Makroskop
Multinodale Welt

G20-Gipfel in Südafrika: Eine neue Wirtschaftsordnung für die Welt?

| 03. Dezember 2025
IMAGO / ANI News

Südafrika nutzte seine Gastgeberrolle des G20-Gipfels, um die Interessen des Kontinents und des Globalen Südens in den Mittelpunkt zu stellen – und eine andere Weltsicht. Dennoch scheint sich dieses Format überlebt zu haben.

Das G20-Gipfeltreffen Ende November in Südafrika war das erste seiner Art auf dem afrikanischen Kontinent. Doch dass gleich sieben Staatschefs der insgesamt 19 Mitgliedsstaaten, die zusammen mit der EU und der Afrikanischen Union die G20-Gruppe bilden, der Veranstaltung fernblieben, wirft die Frage auf, ob dieses Format noch zeitgemäß ist.

Dennoch gibt es gute Gründe für die Gastgeber, die Veranstaltung als Erfolg zu werten:
Zwar glänzte auch der US-Präsident Trump mit Abwesenheit; ein Grund war sein Vorwurf, die südafrikanische Regierung beginge Genozid an den weißen Farmern der Republik. Ein Vorwurf, den alle anderen Staaten jedoch entschieden zurückwiesen.

Während also die USA den Gipfel komplett boykottierten, entsandten alle übrigen abwesenden Staatschefs hochrangige Vertreter. Zudem nahmen auch zahlreiche Staatsoberhäupter als Gäste an dem Ereignis teil, insbesondere aus weiteren afrikanischen Staaten, zum Beispiel Ägypten und Nigeria. Auch die wichtigen internationalen Organisationen waren vertreten, die UN durch Generalsekretär Guterres, der IWF und die WTO. Die EU erklärte, aktiv die entstandene Lücke füllen zu wollen. Das ist bemerkenswert, nachdem die Kommissionspräsidentin und die meisten Regierungschefs, darunter auch Friedrich Merz, kurz zuvor noch dem eigenen EU–CELAC-Gipfel in Lateinamerika fernblieben – wie die Berliner Zeitung mutmaßt, um Trump nicht zu verärgern.

Das Prinzip „Ubuntu“

Unter dem Motto „Solidarität, Gleichheit, Nachhaltigkeit“ nutzte Südafrika seine Gastgeberrolle, um die Interessen des Kontinents und des Globalen Südens in den Mittelpunkt zu stellen. Und eine Weltsicht: das Prinzip Ubuntu – ein kommunitaristischer, beziehungsorientierter politischer Ansatz, der echte Partnerschaft statt Dominanzgebaren demonstrieren soll. Und den viele afrikanische Vertreter als Grundlage einer neuen Weltwirtschaftsordnung ansehen. In über 130 Veranstaltungen im gesamten Jahr zu Themen wie Schuldenmanagement, Energiewende, kritischen Mineralien, Ernährungssicherheit und regionaler Integration wurde die Lage der ärmeren Länder analysiert, Vorschläge zur Abhilfe diskutiert und Kooperations-Initiativen gestartet, etwa zur Industrialisierung des Kontinents, dem Ausbau der Infrastruktur oder erneuerbarer Energien.

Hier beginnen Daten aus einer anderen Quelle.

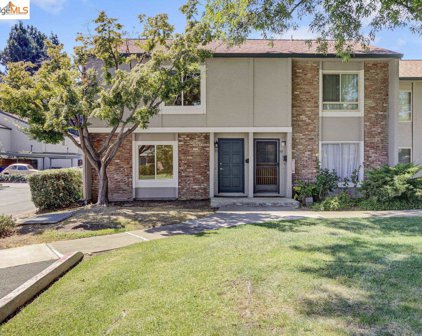 3540 Northwood Dr Unit K, Concord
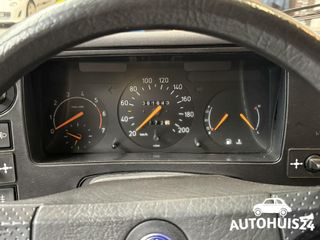 Voertuigafbeelding 14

Die Stiglitz-Studie – und die Forderung nach einem Weltungleichheitsrat

Von großer symbolischer Bedeutung war die Veröffentlichung der vom Gastgeber in Auftrag gegebenen Studie zur globalen Ungleichheit unter Federführung des Ökonomen und Nobelpreisträgers Joseph Stiglitz. Sie zeigt, dass die weltweite Ungleichheit wächst und sich die strukturellen Abhängigkeiten des Globalen Südens verstärken, weil die internationalen Regeln – vom Handel bis zum Kapitalverkehr – weiterhin die wohlhabenden Länder begünstigen.

Das Expertengremium schlug vor, nach Vorbild des Klimaausschusses IPCC einen ständigen Weltungleichheitsrat einzurichten. Ein institutionalisierter, unabhängiger Mechanismus also, der Ungleichheit misst, analysiert und politische Optionen formuliert.

Taten lassen weiterhin auf sich warten

Dennoch blieb das G20-Treffen hinter den Erwartungen zurück. „Der Gipfel hätte ein starkes Signal zur Bekämpfung globaler Ungleichheit setzen müssen“, sagt David Ryfisch, Leiter des Bereichs Zukunftsfähige Finanzflüsse bei Germanwatch. Er bemängelt, dass viele Länder des Globalen Südens aufgrund hoher Schuldenlasten kaum in Klimaanpassung, Gesundheit oder Bildung investieren können, während es den wirtschaftlich stärksten Staaten erneut nicht gelinge, „verbindliche Schritte zur Lösung dieser Krise zu vereinbaren“.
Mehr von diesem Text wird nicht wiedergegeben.